Caregivers of the world, unite
by Janine Lodato
Biologically, I am the third of four children born to my parents in the 1940's. My older brother was born in 1942, my older sister was born in 1946, I came along in 1948, and my younger brother was born in 1950. We are two girls and two boys, baby-boomers most of us. I see my siblings only occasionally because they all have built their own lives with their own children.
I am the only one who never had children. I am the only one whose hair is still dark. I am the only one with Multiple Sclerosis (MS). I think I am the only woman who looks forward to the future because of stem cell research. Yes, I had boyfriends in high school and graduate school, but I grew up in the 60's when guys didn't ask girls for marriage. No one I cared about ever asked me to marry him and share life with him. It was just a difficult time of life. The husband I have now I married later in life.
Now, I have a close friend and her husband from Germany who came to help me in my convalescence. She is my sister-in-care. He is a brother-in-repair because we have so many problems with our house, he can help us repair those problems. My girlfriend has been here for almost two months by herself. She has been helping me and my husband in this time of trial with my MS. Her husband just joined her, and they will do some visiting and traveling in America since the exchange rate for Euros is in their favor.
My biological sister had worked for American Airlines and was able to get them travel passes from Germany to San Francisco.
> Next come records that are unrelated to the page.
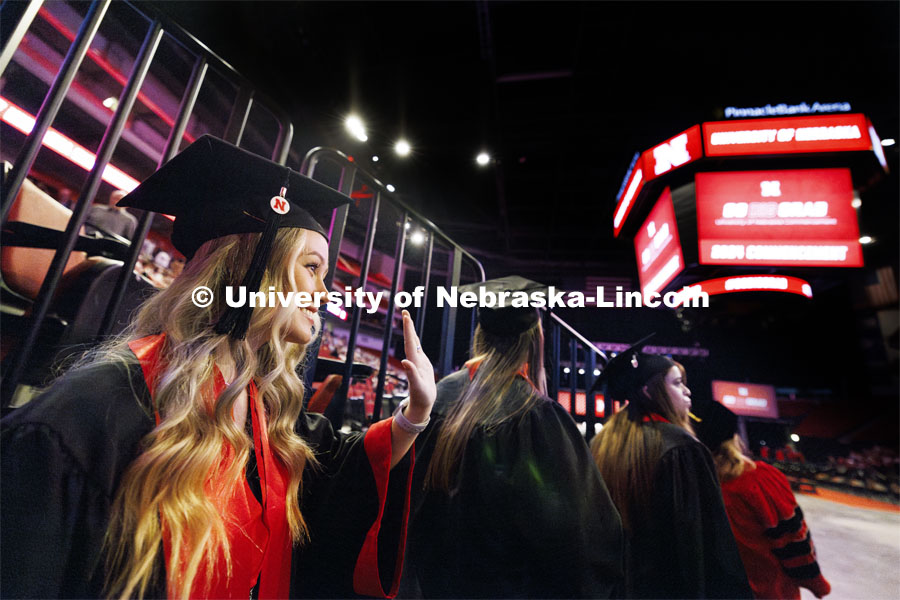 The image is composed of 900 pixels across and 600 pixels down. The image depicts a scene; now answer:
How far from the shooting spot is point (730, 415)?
3.21 metres

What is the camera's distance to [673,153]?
17.0 ft

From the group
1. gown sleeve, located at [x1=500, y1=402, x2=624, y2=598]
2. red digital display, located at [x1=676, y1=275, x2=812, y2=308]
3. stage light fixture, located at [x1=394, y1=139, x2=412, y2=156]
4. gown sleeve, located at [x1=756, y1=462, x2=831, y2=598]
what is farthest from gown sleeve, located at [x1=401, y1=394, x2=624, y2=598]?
stage light fixture, located at [x1=394, y1=139, x2=412, y2=156]

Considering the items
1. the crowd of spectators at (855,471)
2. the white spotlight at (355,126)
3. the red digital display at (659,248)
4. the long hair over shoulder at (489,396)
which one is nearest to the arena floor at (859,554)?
the long hair over shoulder at (489,396)

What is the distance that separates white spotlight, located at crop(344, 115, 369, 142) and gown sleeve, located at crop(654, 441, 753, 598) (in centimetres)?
589

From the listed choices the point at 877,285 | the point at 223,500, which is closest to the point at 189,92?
the point at 223,500

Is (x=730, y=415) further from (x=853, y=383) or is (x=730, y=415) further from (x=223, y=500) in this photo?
(x=853, y=383)

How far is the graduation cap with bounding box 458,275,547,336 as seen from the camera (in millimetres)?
2072

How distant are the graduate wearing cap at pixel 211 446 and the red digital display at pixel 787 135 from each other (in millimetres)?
5731

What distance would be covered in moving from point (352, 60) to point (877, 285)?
2002cm

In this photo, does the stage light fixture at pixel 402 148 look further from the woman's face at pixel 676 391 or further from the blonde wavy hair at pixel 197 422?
the blonde wavy hair at pixel 197 422

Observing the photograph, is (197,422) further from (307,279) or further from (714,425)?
(714,425)

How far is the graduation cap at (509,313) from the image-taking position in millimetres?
2072

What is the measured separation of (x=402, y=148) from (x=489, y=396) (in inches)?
256

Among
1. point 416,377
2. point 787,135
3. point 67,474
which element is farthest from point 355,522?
point 787,135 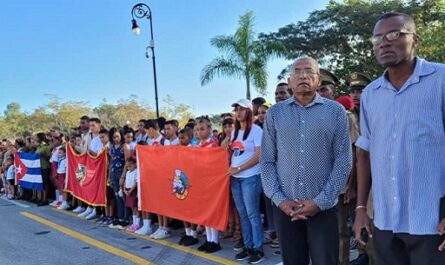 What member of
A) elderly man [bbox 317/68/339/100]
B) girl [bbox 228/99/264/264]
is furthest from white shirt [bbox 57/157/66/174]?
elderly man [bbox 317/68/339/100]

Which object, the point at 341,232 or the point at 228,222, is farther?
the point at 228,222

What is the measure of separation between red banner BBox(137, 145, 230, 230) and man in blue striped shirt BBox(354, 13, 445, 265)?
3304mm

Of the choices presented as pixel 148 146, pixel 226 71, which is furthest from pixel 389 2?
pixel 148 146

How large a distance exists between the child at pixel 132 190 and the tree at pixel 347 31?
64.4ft

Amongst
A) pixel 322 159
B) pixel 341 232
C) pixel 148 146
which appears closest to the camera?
pixel 322 159

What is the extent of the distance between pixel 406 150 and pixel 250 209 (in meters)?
3.18

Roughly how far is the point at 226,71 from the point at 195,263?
16.5m

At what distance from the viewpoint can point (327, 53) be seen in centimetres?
3044

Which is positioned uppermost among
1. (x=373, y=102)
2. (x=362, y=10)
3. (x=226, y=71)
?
(x=362, y=10)

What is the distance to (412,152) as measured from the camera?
2.14 metres

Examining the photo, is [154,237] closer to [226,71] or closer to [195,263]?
[195,263]

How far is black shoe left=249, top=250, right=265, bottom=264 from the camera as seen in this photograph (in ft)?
16.3

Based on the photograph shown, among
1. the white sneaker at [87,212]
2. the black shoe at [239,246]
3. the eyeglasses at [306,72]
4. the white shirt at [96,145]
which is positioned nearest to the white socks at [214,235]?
the black shoe at [239,246]

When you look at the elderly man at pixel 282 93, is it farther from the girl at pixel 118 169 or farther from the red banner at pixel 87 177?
the red banner at pixel 87 177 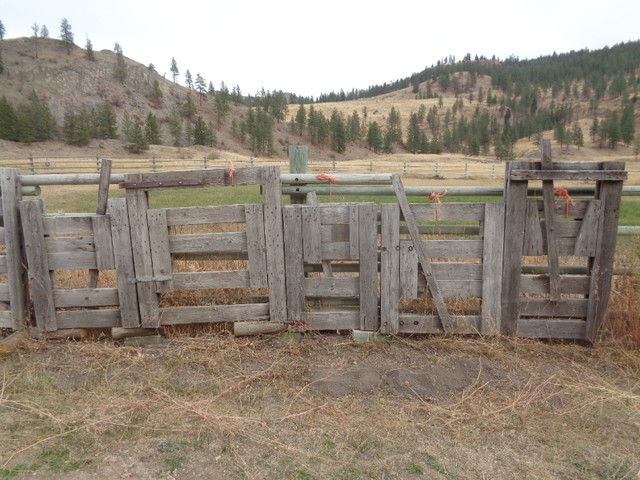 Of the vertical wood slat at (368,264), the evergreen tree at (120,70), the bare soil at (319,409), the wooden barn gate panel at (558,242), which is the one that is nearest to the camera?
the bare soil at (319,409)

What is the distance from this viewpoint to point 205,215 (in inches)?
173

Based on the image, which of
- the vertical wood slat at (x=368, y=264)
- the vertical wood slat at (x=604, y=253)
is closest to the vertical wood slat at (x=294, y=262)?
the vertical wood slat at (x=368, y=264)

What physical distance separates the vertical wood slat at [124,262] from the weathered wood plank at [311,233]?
182 centimetres

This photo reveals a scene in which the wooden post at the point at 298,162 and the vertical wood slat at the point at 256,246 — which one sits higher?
the wooden post at the point at 298,162

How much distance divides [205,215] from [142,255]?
787mm

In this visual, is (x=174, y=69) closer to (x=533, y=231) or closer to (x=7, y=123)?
(x=7, y=123)

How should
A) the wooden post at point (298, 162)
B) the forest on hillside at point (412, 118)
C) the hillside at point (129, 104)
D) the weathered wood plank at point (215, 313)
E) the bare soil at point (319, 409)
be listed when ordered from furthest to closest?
the hillside at point (129, 104) → the forest on hillside at point (412, 118) → the wooden post at point (298, 162) → the weathered wood plank at point (215, 313) → the bare soil at point (319, 409)

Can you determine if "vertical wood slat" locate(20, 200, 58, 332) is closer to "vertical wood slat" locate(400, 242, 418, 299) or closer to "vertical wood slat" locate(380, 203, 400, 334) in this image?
"vertical wood slat" locate(380, 203, 400, 334)

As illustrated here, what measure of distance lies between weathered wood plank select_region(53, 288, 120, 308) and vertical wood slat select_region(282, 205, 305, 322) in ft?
6.20

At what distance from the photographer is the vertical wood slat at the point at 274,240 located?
14.3 ft

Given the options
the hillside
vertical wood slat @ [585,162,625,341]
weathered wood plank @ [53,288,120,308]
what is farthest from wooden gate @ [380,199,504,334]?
the hillside

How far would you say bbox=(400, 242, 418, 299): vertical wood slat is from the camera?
4.37 meters

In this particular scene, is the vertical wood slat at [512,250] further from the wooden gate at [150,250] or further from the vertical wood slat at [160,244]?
the vertical wood slat at [160,244]

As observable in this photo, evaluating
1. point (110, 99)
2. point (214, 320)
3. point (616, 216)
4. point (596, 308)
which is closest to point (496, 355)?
point (596, 308) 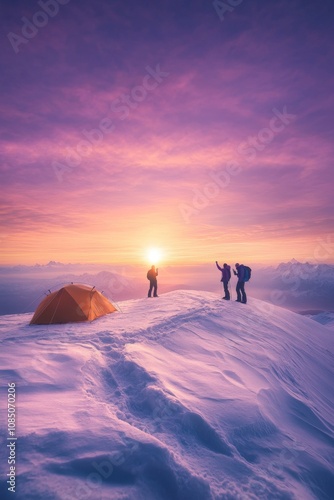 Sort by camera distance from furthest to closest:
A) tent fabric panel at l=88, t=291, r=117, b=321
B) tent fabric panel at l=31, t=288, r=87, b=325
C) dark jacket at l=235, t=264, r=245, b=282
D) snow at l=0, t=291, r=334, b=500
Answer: dark jacket at l=235, t=264, r=245, b=282 < tent fabric panel at l=88, t=291, r=117, b=321 < tent fabric panel at l=31, t=288, r=87, b=325 < snow at l=0, t=291, r=334, b=500

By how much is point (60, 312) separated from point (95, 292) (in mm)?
2560

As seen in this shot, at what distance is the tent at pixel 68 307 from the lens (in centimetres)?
1240

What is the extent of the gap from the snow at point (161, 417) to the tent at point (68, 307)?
6.13 feet

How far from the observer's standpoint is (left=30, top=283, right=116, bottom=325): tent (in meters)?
12.4

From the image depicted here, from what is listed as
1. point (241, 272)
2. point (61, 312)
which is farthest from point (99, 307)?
point (241, 272)

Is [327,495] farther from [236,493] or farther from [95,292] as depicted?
[95,292]

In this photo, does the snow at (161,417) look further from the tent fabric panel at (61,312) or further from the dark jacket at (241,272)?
the dark jacket at (241,272)

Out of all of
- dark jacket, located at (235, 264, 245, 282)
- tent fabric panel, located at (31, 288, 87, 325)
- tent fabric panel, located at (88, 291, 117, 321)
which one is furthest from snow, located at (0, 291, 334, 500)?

So, their sacrifice has been in time more than in money. As a quadriplegic whose motor skills are pretty much shot, but whose mental skills are not, I can offer her good companionship and a certificate in care giving for both me and my husband, who had a lot of buttons to sew onto his shirts an shorts.
Considering everything I am the luckiest person on the face of the earth, as Lou Gehrig has said, a fellow autoimmune sufferer. Having fought off a 31 year assault of MS on my body, there are some things I can still do. Primary among those is that I can still see, still hear, still smell, still talk, still taste food, still feel a touch.
I have also found that there is good news regarding my condition, that being that I am not blind, not brain-dead, not boring, not betrayed, and not broke.
Research has found that 80% of people in my position suffer from 'spouse desertion'. I don't fit into this arge segment; my husband is staying with me 24/7. He can do this because he can do his work on the Internet.
If many of the spouses would be given the opportunity to tele-work then they would not betray their partners with a disability. The government should encourage the employers to allow workers who have a spouse with a disability to perform tele-work style.
The mind is a powerful tool. When the body flakes out, the mind can take over for the body's shortcomings and my time with useful and enjoyable tasks. Rather than going to an exercise gym the mind can connect to a 'brain gym' via the Internet.
So the Library of Congress and the Government could provide the Internet as a free service to the people with disabilities.
The Government and the medical establishment should put together a data base of care givers and the people with a disability who need care givers, so they can match up according to needs and availability.
While I have always appreciated having three other biological siblings, I also very much appreciate my new selective siblings. One never has too much of a good thing.